The basic premise is much like Death Takes a Holiday, the old 1934 film starring Fredric March: Death takes on a physical form for one day every 100 years to better understand what it's like to be mortal. She spends her day eating things and getting stuff for free, and "wandering around with a young man by the name of Sexton Furnival, who's about sixteen and considers life unfair, not least because he got called Sexton Furnival." From Sexton's point of view, Didi is just some sixteen-year-old girl who thinks she's Death, figuring that anybody who claims to be the incarnation of death is probably nuts. And the thing is, she might well be just that. There's an element of doubt in the story in which it is "perfectly possibly that she really is just a young lady by the name of Didi, whose entire family was killed a few months back in a rather nasty accident, and who has gone a little bit crazy" (Kraft, 1993).
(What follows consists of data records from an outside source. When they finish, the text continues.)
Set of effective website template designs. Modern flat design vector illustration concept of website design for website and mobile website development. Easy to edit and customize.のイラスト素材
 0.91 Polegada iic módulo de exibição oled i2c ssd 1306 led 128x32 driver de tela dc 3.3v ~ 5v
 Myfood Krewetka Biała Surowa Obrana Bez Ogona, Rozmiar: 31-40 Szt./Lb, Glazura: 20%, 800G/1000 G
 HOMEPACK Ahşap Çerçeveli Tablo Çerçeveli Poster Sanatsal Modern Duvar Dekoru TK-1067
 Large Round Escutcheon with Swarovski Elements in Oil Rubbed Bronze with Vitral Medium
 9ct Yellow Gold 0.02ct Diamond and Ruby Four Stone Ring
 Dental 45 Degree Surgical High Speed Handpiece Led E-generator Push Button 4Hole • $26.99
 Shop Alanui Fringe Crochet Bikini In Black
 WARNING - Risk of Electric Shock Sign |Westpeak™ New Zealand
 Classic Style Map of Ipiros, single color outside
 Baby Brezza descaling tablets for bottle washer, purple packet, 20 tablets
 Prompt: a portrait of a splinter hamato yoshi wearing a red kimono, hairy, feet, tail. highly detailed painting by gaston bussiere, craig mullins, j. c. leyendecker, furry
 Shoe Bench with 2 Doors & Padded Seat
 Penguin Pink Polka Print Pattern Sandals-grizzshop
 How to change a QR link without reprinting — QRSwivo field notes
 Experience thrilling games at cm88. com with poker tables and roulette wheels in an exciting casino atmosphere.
The thing that sets the story apart from Sandman -- which can, at its darkest, feel like a never-ending sleepless three a.m. -- is that Death is actually funny, which is something Gaiman hoped that people would pick up on. It's quirky and fun and reads in an entirely different way from an episode of Sandman. "It is genuinely terribly funny. And it's got this kind of, I don't know, Catcher in the Rye-ish feel to it in a funny kind of way. At least in terms of Sexton, who in some ways is the hero, and in other ways you just want to slap him around the face and stand him in a corner until he cheers up. You know, ‘What have you got to be weltschmertz-y about'" (Kraft, 1993)?

Didi, on the other hand, is so cheery she doesn't even get upset with old Mad Hettie who harasses her all day -- the one day she's allowed to wander around like a regular person -- because, as she explains to Sexton: "If you know someone really well, it's hard to stay mad at them for very long. I know everybody really well."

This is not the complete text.